Stat Aggregation : Stat PDI Jobs/Transformations - Example Configuration
  

Stat PDI Jobs/Transformations - Example Configuration

<?xml version="1.0" encoding="UTF-8" standalone="yes"?>
<kettle-jobs>
<job filename="qmatic/visit-transaction.ktr" max-events-before-processing="10000" batch-limit="10000" max-time-before-processing="10" >
<event name="VISIT_END" />
<event name="VISIT_END_TRANSACTION" />
<event name="VISIT_REMOVE" />
<event name="END_SERVICE" />
<event name="VISIT_TRANSFER_FROM_QUEUE" />
<event name="VISIT_NOSHOW" />
</job>
<job filename="qmatic/service-point-session.ktr" max-events-before-processing="10000" batch-limit="10000" max-time-before-processing="10" >
<event name="SERVICE_POINT_CLOSE" />
</job>
<job filename="qmatic/staff.ktr" max-events-before-processing="10000" batch-limit="10000" max-time-before-processing="10" >
<event name="USER_SESSION_END" />
</job>
</kettle-jobs>
 
The root element <kettle-jobs> contains all configurations. This element contains a list of <job> elements that define which type of jobs and transformations are configured in the system. Job definitions can be either kettle jobs (.kjb files) or kettle transformations (.ktr files). Each job definition also contains settings for how often the job is supposed to run, and optionally a list of <event> sub-elements which define which events that trigger the particular job.

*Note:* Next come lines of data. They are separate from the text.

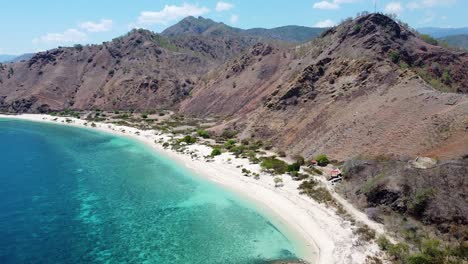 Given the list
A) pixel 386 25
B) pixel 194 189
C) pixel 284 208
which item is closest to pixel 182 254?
pixel 284 208

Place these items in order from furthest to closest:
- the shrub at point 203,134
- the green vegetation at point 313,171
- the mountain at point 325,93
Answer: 1. the shrub at point 203,134
2. the mountain at point 325,93
3. the green vegetation at point 313,171

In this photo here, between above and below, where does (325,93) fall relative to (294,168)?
above

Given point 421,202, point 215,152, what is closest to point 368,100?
point 215,152

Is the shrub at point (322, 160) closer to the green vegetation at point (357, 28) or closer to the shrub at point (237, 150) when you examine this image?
the shrub at point (237, 150)

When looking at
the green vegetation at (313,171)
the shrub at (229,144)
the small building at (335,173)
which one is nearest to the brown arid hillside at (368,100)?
the shrub at (229,144)

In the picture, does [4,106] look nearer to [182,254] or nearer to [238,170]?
[238,170]

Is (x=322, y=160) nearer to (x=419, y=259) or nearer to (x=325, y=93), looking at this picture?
(x=325, y=93)

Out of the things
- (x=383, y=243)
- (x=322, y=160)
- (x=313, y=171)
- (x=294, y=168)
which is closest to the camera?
(x=383, y=243) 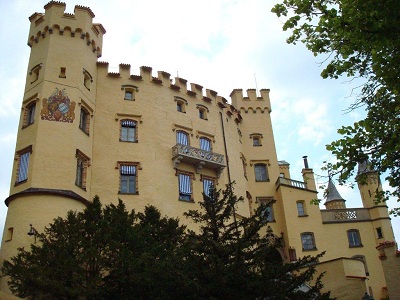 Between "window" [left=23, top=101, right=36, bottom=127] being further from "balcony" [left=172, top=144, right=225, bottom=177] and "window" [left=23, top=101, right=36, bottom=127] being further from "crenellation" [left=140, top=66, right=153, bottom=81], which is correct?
"balcony" [left=172, top=144, right=225, bottom=177]

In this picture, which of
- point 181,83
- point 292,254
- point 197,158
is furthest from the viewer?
point 181,83

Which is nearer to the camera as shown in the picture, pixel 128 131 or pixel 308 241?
pixel 128 131

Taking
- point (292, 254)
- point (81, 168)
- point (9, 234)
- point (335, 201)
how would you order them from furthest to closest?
point (335, 201) < point (292, 254) < point (81, 168) < point (9, 234)

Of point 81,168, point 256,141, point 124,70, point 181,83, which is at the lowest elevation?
point 81,168

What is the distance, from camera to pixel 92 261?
60.1ft

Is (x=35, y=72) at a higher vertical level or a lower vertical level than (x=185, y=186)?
higher

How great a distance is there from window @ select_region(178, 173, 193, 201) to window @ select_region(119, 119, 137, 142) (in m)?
4.19

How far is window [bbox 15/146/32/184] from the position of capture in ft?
84.4

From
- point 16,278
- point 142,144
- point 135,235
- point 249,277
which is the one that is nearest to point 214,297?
point 249,277

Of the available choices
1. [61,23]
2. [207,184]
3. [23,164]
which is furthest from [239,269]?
[61,23]

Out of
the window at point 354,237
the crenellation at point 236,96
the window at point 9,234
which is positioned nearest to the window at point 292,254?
the window at point 354,237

The transformation file to process when the event arrives is configured with attribute filename that expects the file to exist relative to Orchestra’s conf/stat-jobs folder. Here filename is qmatic/visit-transaction.ktr which means the file must be in folder conf/stat-jobs/qmatic. If any configured file is missing at Orchestra start up, stat will fail with an error message.

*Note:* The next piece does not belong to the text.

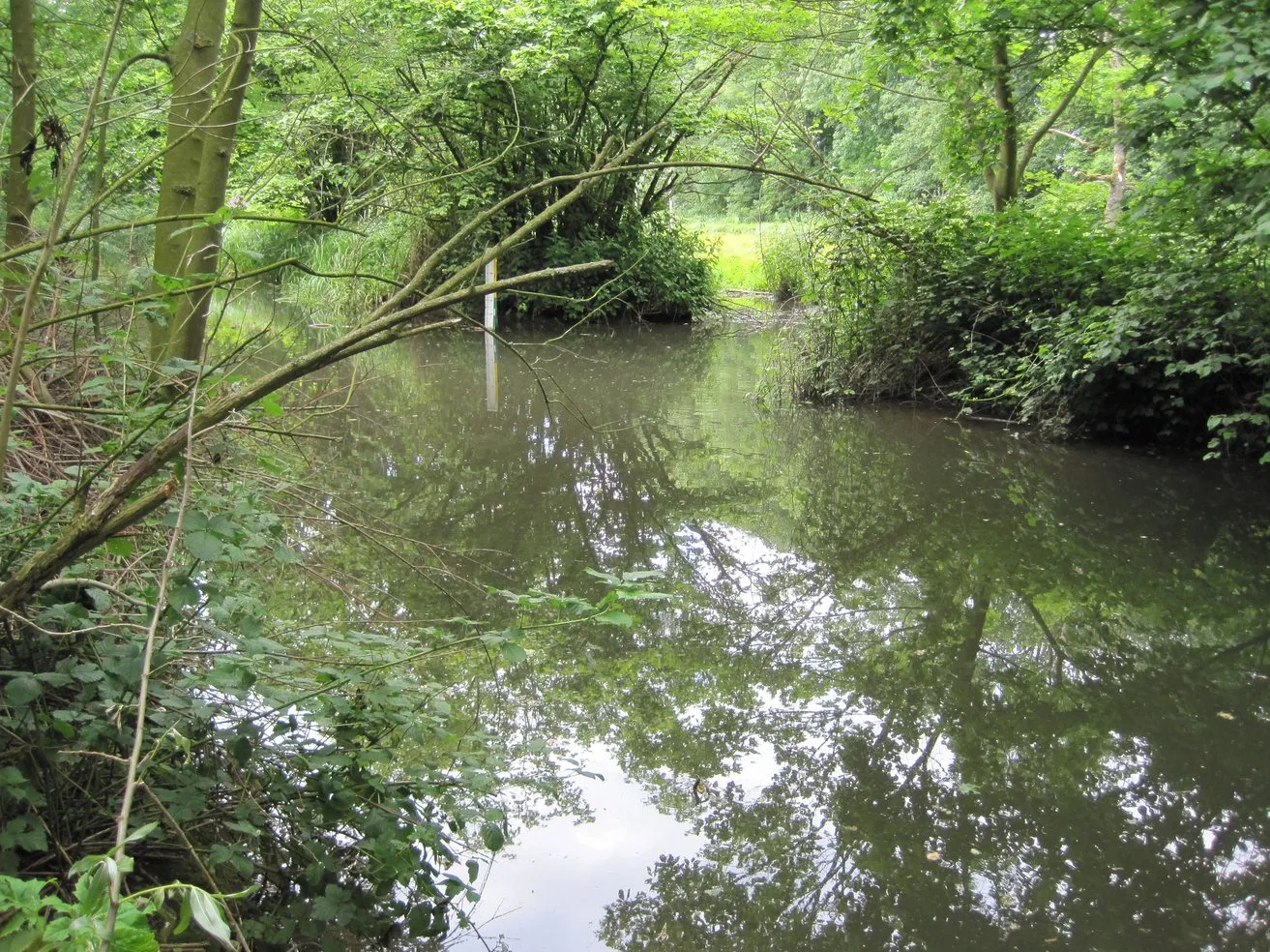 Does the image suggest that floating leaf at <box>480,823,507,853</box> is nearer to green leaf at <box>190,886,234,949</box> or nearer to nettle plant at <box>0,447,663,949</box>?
nettle plant at <box>0,447,663,949</box>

Attribute max-events-before-processing controls how many events should pass through the system before the job is executed. If this is set to 1, or left out entirely, the job will execute for every event (this is not advisable for events with a high throughput). All events defined for the job are counted towards this max-events-before-processing setting.
The attribute max-time-before-processing controls the maximum amount of time the system should wait before triggering the job execution.
The job will be executed when the configured (max-events-before-processing setting) number of events have passed through the system, or when the configured time (max-time-before-processing) has passed. Each time the job is triggered, the counter for max-events-before-processing is reset.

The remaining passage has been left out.